Robert LaSala, the man tapped to become Pinellas County's next top administrator, knows the hazards of being a public sector executive.
Getting forced out is common when you answer to a rotating cast of elected officials, each with particular allegiances. The average tenure of a county administrator or city manager is seven years.
Newspaper accounts and interviews shed light on LaSala's recent skirmishes. He's made enemies, but backers who know local government say that's the cost of staying true to principle and the public interest.
A clash with a powerful local developer and his allies led to LaSala's most recent job departure. Since January, he's been a private consultant.

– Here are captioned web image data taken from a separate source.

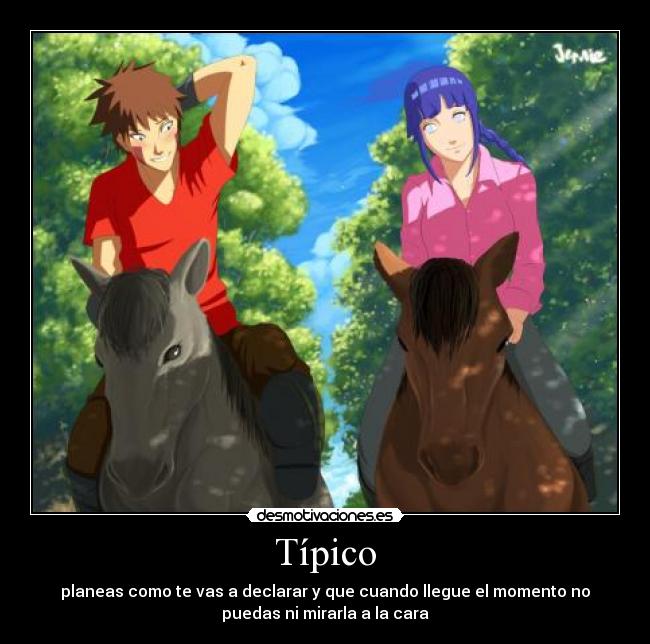 Típico - planeas como te vas a declarar y que cuando llegue el momento no
puedas ni mirarla a la cara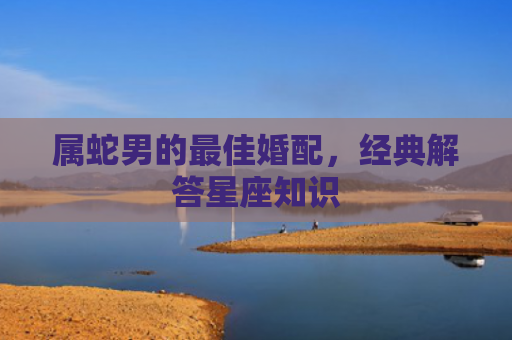 属蛇男的最佳婚配，经典解答星座知识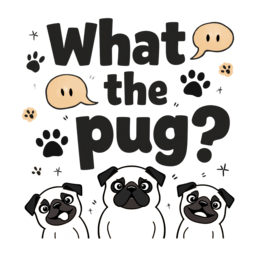 pug funny stickers shirt SVG PNG design with bold lettering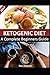 Ketogenic Diet: A complete ...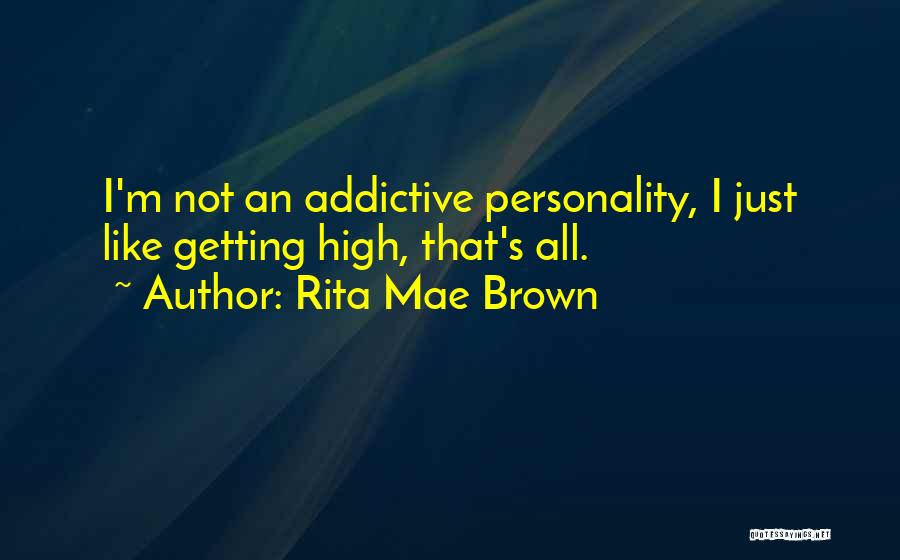 Rita Mae Brown Quotes: I'm Not An Addictive Personality, I Just Like Getting High, That's All.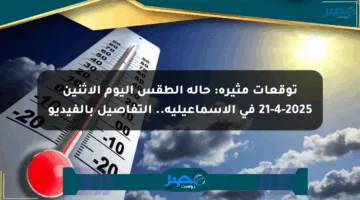 توقعات مثيرة: حالة الطقس اليوم الإثنين 21-4-2025 في الإسماعيلية.. التفاصيل بالفيديو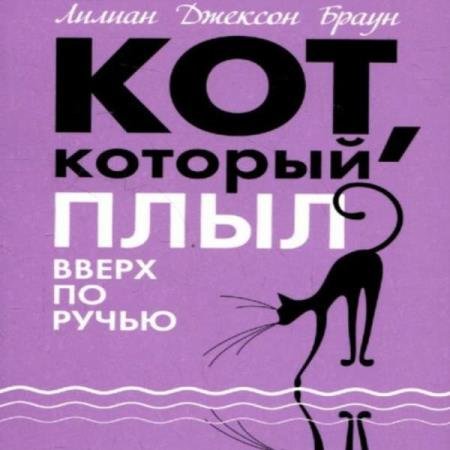 постер к Лилиан Джексон Браун - Кот, который плыл вверх по ручью (Аудиокнига)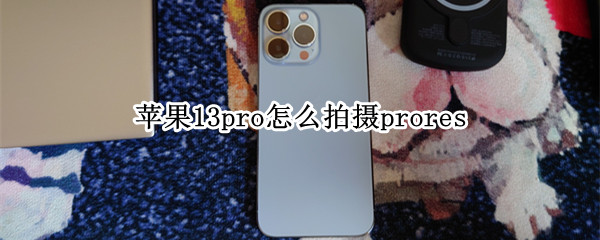 苹果13pro怎么拍摄prores（苹果13pro怎么拍摄视频）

"You can get crossways sometimes doing the right thing," said former Sarasota County Commissioner Charley Richards, who worked with LaSala in the 1990s.
LaSala, 59, grew up on Long Island and aspired to be an inner-city teacher. He shifted toward public administration and got a master's from Syracuse University's Maxwell School of Citizenship and Public Affairs.
He's held posts in New York state, New Jersey, California, and Florida, where he worked for Pinellas County from 1979 to 1989. For most of that time, he was chief assistant county administrator under Fred Marquis.
After a nationwide search, the County Commission on Tuesday chose LaSala as permanent administrator. The job has been vacant since September, when Steve Spratt resigned following disclosure of a land deal between the county and Property Appraiser Jim Smith.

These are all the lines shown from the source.